EBCDIC systems are rare these days, but even so, portable code tends to be clearer than non-portable code, even aside from any practical issues of whether the code will work on all systems.
As I'm sure you know, the best way to do this is to use the tolower function:
*s1 = tolower((unsigned char)*s1);
Note the cast to unsigned char. The to*() and is*() functions declared in <ctype.h> are oddly behaved, for historical reasons. They don't work on char arguments; rather, they work on int arguments that are within the range of unsigned char. (They also accept EOF, which is typically -1). If plain char is signed, then passing a char value that happens to be negative causes undefined behavior. Yes, it's annoying.
But you say you don't want to use tolower. (Which is fine; learning to do things like this yourself is a good exercise.)
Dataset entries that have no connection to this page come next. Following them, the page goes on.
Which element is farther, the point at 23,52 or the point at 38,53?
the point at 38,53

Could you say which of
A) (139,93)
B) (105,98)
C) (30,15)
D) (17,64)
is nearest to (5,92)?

If you're willing to assume that upper case letters are contiguous, and that lower case letters are contiguous, then you can do something like this:
if (*s1 >= 'a' && *s1 <= 'z') {
*s1 -= 'a' - 'A';
}
That's still not portable to non-ASCII systems, but it's a lot easier to read if you don't happen to have the ASCII table memorized.
It also makes it a little more obvious that you've got the logic backwards. You say you want to convert to lower case, but your code converts from lower case to upper case.
Or you can use a lookup table that maps lower case letters to upper case letters:
char to_lower[CHAR_MAX] = { 0 }; /* sets all elements to 0 */
to_lower['A'] = 'a';
to_lower['B'] = 'b';
/* ... */
to_lower['Z'] = 'z';
Or, if your compiler supports compound literals:
const char to_lower[CHAR_MAX] = {
['A'] = 'a',
['B'] = 'b',
/* ... */
};
I'll leave it to you to fill in the rest write the code to use it.
And now you can see why the tolower and toupper functions exist -- so you don't have to deal with all this stuff (apart from the odd unsigned char casts you'll need).
UPDATE :
In response to the new parts of your question:
char* temp = malloc(100);
temp = s1;
That assignment temp = s1; doesn't copy the allocated string; it just copies the pointer. temp points to 100 bytes of allocated space, but then you make temp point to the (read-only) string literal, and you've lost any references to the allocated space, creating a memory leak.
You can't assign strings or arrays in C. To copy a string, use the strcpy() function:
char *temp = malloc(100);
if (temp == NULL) { /* Don't assume the allocation was successful! */
fprintf(stderr, "malloc failed\n");
exit(EXIT_FAILURE);
}
strcpy(temp, s1);
Also, why do I need to allocate memory for a string that already is in memory?
It's in memory, but it's memory that you're not allowed to modify. If you want to modify it, you need to copy it to a modifiable location. Or, as I suggested above, you can put it in read/write memory in the first place:
char s[] = "Bob";
That initialization copies the string into the array s.